Beginning March 5, I will offer a 6-week Study and Practice class on the Buddha’s foundational instructions for meditation practice — the Satipatthana Sutta.

Although not required reading, we will use Bhikkhu Analayo’s Satipatthana Meditation: A Practice Guide as our reference text.

This is an intermediate-level class, suitable for practitioners who are interested in going beyond the basics of Mindfulness of Breathing.

The course will include instruction in:

* Mindfulness of Body (including Breathing and Four Elements contemplation)
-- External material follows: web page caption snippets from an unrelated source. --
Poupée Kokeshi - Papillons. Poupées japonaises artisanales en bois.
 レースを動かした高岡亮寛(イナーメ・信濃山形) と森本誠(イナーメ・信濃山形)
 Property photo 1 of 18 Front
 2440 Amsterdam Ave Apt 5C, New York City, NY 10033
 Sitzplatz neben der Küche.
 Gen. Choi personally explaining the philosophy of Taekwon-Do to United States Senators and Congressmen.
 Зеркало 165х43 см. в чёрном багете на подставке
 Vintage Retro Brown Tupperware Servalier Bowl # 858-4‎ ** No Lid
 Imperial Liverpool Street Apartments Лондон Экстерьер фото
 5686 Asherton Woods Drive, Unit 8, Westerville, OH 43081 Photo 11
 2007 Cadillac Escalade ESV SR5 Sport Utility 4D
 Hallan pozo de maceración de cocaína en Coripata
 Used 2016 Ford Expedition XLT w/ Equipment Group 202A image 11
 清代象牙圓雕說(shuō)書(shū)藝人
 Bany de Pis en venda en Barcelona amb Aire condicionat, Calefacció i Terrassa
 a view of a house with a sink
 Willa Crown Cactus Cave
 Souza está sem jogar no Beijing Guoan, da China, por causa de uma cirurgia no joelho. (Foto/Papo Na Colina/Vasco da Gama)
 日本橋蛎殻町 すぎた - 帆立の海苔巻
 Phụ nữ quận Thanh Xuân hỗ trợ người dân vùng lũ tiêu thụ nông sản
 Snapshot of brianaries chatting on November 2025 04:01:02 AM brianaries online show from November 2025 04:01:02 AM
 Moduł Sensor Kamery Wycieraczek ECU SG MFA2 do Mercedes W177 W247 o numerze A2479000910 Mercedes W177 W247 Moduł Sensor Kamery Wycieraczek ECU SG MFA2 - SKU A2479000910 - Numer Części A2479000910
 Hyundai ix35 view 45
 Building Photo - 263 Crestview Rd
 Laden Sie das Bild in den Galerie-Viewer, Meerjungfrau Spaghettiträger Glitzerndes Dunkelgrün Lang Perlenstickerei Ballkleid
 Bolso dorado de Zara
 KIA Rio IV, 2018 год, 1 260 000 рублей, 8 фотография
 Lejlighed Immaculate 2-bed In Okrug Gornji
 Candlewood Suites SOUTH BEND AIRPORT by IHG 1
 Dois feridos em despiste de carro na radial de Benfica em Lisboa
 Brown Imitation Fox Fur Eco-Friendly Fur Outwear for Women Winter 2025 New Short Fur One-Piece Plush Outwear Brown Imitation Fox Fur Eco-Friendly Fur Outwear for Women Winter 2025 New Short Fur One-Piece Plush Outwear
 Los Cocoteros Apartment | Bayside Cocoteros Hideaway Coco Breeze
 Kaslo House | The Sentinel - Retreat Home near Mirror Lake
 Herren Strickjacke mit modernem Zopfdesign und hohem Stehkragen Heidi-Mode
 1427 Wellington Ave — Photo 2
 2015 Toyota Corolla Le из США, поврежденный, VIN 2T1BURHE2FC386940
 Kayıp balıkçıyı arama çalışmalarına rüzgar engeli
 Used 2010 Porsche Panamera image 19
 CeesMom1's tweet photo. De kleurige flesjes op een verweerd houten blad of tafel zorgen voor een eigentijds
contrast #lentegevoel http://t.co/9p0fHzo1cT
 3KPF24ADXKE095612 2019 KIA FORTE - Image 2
* Mindfulness of Feeling Tone (Pleasant, Unpleasant, Neutral)

* Mindfulness of Mind States (Thoughts and Emotions)

* Mindfulness of Categories of Experience (Hindrances and Enlightenment Factors)


When: Tuesday evenings, 7:00 pm to 8:30 pm, March 5-April 9
Where: First Unitarian Church of St. Louis, 5007 Waterman
What: Each session will include a silent 30-minute sit as well as meditation instructions, discussion, and Q&A.
Cost: The teachings will be offered on a dana (donation) basis, but there is a $20 fee to register.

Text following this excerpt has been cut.